### SUPPLIED INFORMATION ###

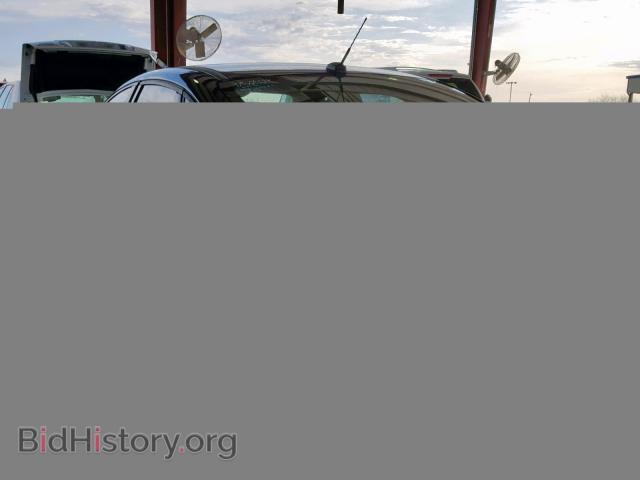 2015 FORD FOCUS SE - VIN: 1FADP3F28FL233595 - Фото 3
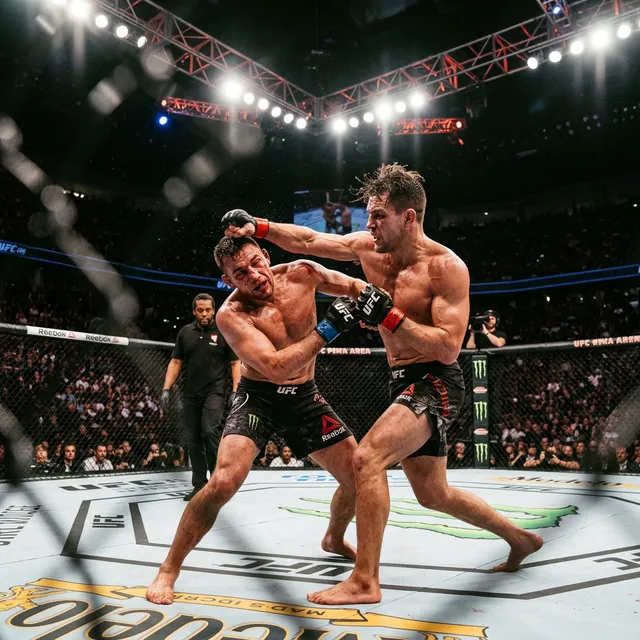Balkans IPTV MMA prijenosi
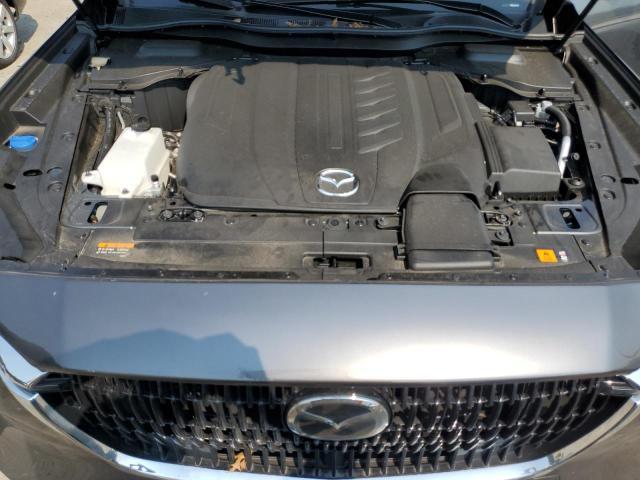 2024 Mazda Cx-90 Preferred Plus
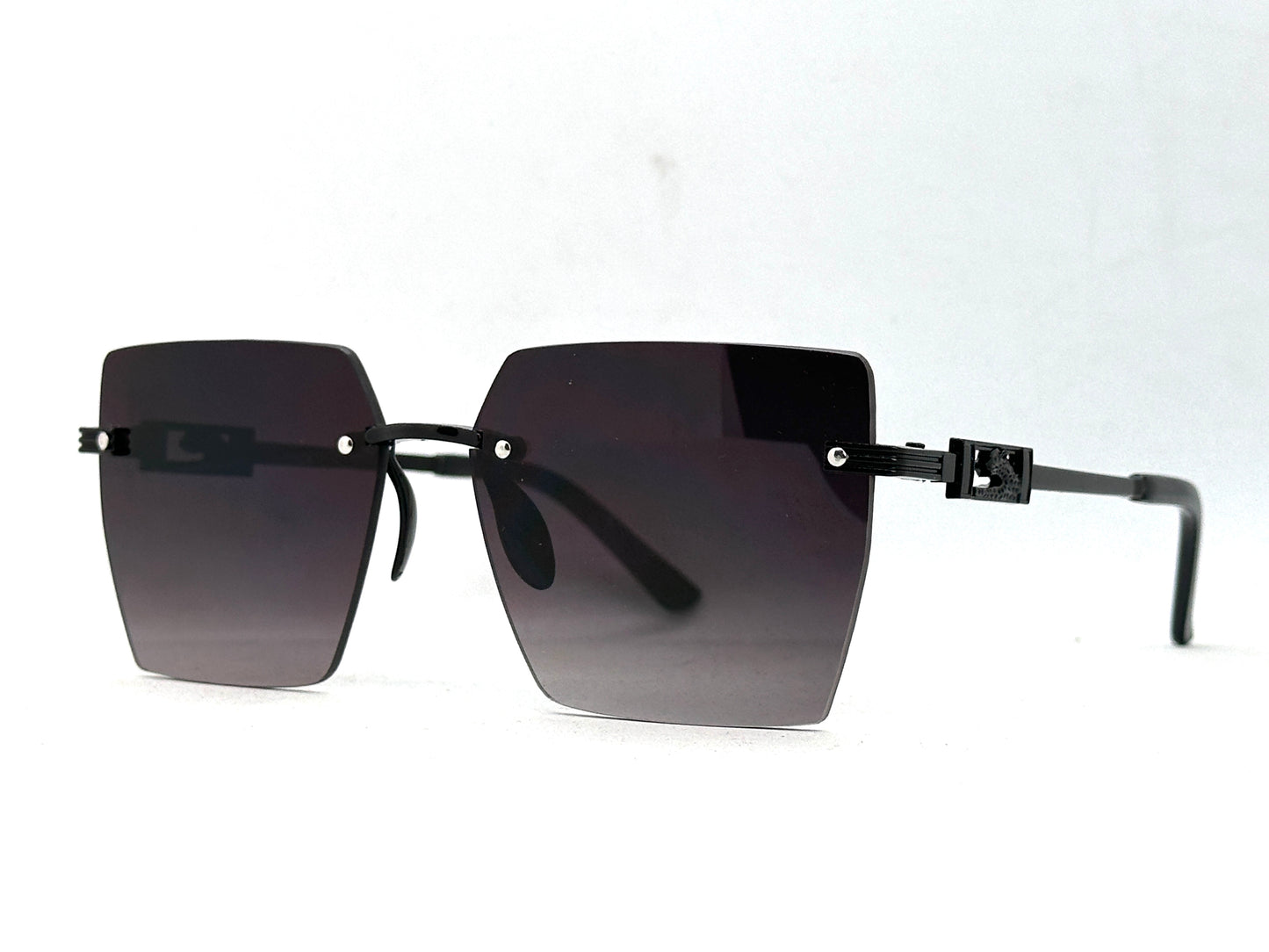 16.Rimless glass UV400 Retina protected colling glass 6 April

###

▶ [PROBLEM REQUIREMENTS]: Everything in the material above is to be reproduced exactly, pictures aside.

▶ [SOLUTION FOR THIS PROBLEM]:
 2015 FORD FOCUS SE - VIN: 1FADP3F28FL233595 - Фото 3
Balkans IPTV MMA prijenosi
 2024 Mazda Cx-90 Preferred Plus
 16.Rimless glass UV400 Retina protected colling glass 6 April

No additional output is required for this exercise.